Insofar as the seal does not feature any end piece, the danger of a
leak brought about by the flexing of one end of the seal, or from
an area that is not sealed by the seal, is reduced.
[0024] According to one embodiment, the seal can be foreseen as a
sealant strip or as a seal area which shuts off flush with one
border of the opening at least outside of the trigger area.
[0025] It is possible to foresee bores in the sealing frame to form
a channel for a coolant or heating media. In such a case it is
possible to fit the bores themselves with seals and thereby create
the channel.
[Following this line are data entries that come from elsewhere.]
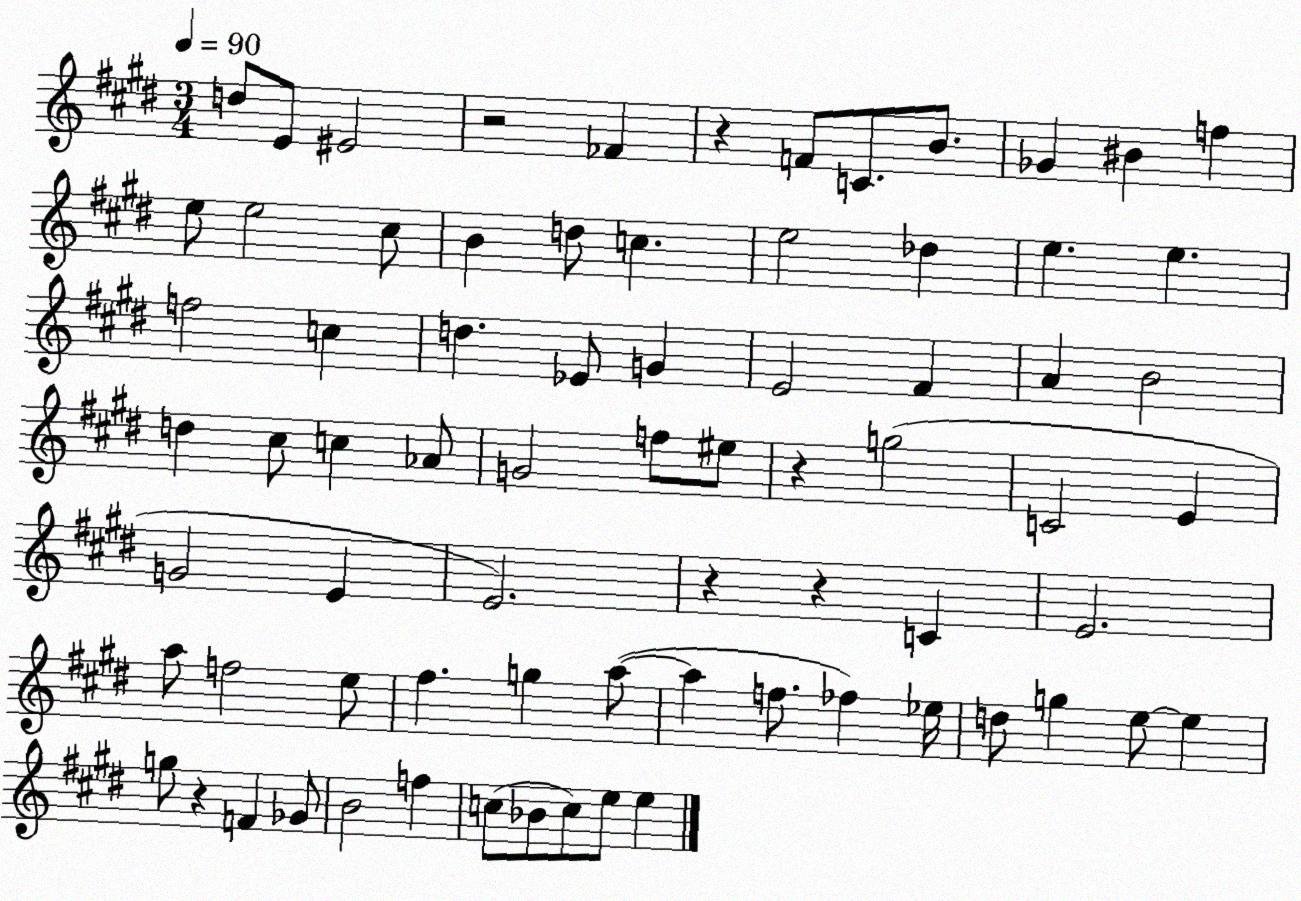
X:1
T:Untitled
M:3/4
L:1/4
K:E
d/2 E/2 ^E2 z2 _F z F/2 C/2 B/2 _G ^B f e/2 e2 ^c/2 B d/2 c e2 _d e e f2 c d _E/2 G E2 ^F A B2 d ^c/2 c _A/2 G2 f/2 ^e/2 z g2 C2 E G2 E E2 z z C E2 a/2 f2 e/2 ^f g a/2 a f/2 _f _e/4 d/2 g e/2 e g/2 z F _G/2 B2 f c/2 _B/2 c/2 e/2 e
Alternatively it is possible to feed tubing through
the bores for coolant/heating media or alternatively cables for
electrical heating.
[0026] The primary body can be produced out of a compressible
elastic material, where in particular the seal is created
integrally with the primary body.
[0027] Furthermore the seal can be produced as a compressible
elastic layer that is applied to the non-elastic primary body.
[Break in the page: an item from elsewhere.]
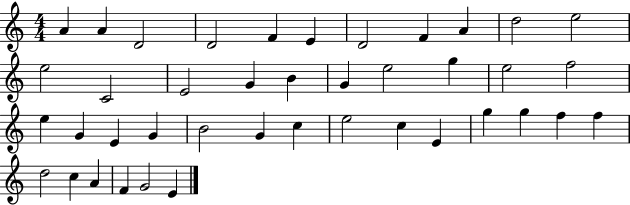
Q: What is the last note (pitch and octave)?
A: E4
[0028] It can be foreseen that the trigger area of the primary body
is created through a depression of one edge of the opening in the
primary body.
[0029] The edge of the primary body can be formed in the trigger
area by a bridge, which is arranged in such a manner that it
creates a double-sided depression of one edge of the opening in the
primary body.
[0030] It is possible according to a further embodiment to create
the edge of the primary body in the trigger area by means of a
bridge that is set out in such a manner that it creates a
double-sided depression of one edge of the opening in the primary
body. The bridge has the purpose of stiffening the primary body of
the sealing frame in the area of the deviation opening, in such a
manner to achieve a greater stability of the shape.
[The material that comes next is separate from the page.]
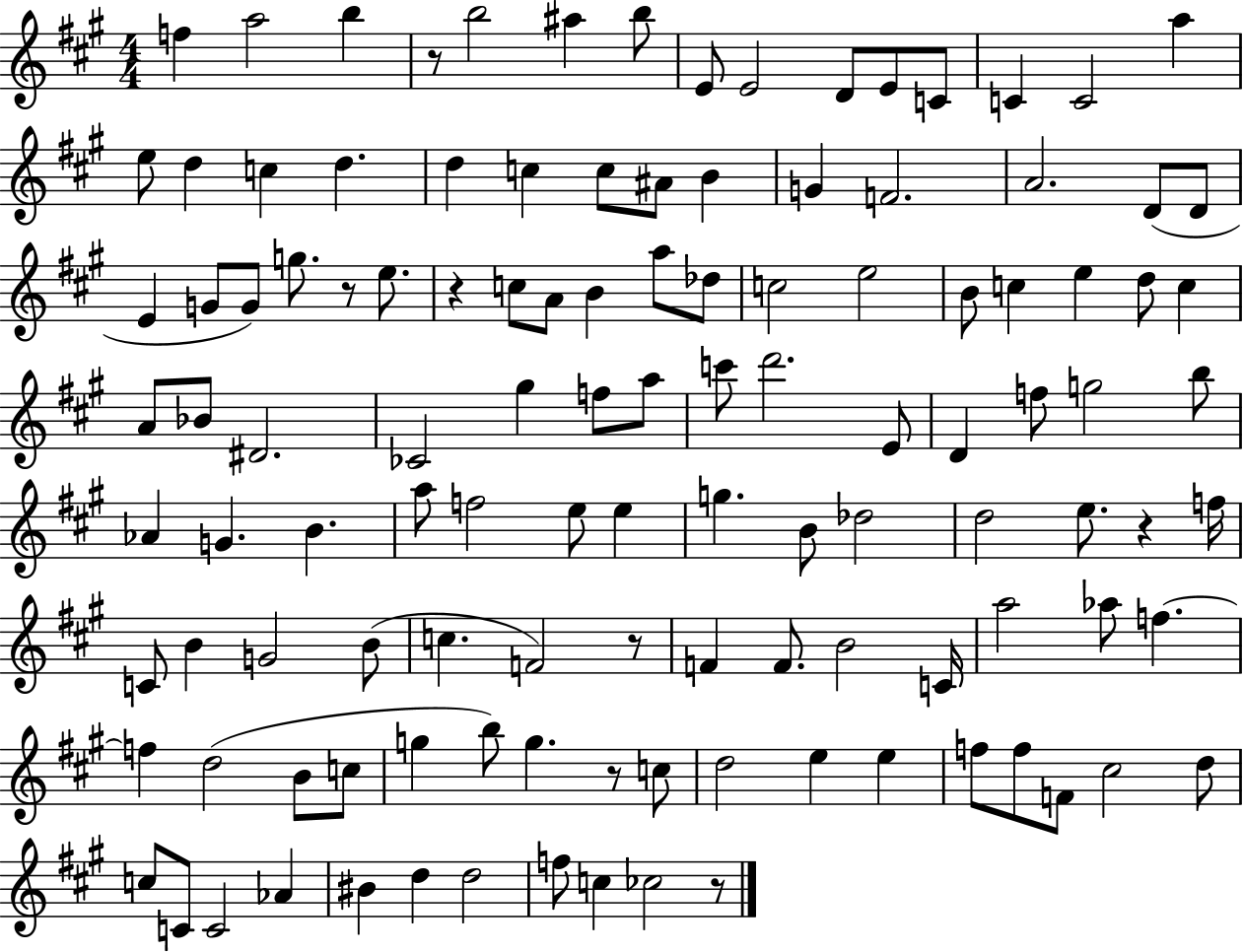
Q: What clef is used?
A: treble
[0031] The bridge can be located between the deviation opening and
the opening.
[0032] According to a further feature, the placement of the
aforementioned sealing frame and a cell, in particular a coffee bag
cell, is foreseen, wherein the cell features a cell housing that is
surrounded by a seam seal, wherein the cell can be applied to the
sealing frame in such a manner that the cell housing reaches into
the opening, the seam seal lays against the seal and the seam seal
is not generally impinged by the seal in the trigger area.
[0033] According to a further feature a battery is foreseen. The
battery includes at least two of the aforementioned sealing frames
and at least one cell, which is positioned between two sealing
frames, wherein the cells feature a cell housing, which is
surrounded by a seam seal, wherein the cell housing extends in the
openings of the primary body of the sealing frames and wherein the
seam seal is incorporated by contract pressure between the seal of
the sealing frame and a primary body of a further sealing frame or
between the seals of two opposing sealing frames, wherein the seam
seal is not generally impinged by the seal in the trigger area.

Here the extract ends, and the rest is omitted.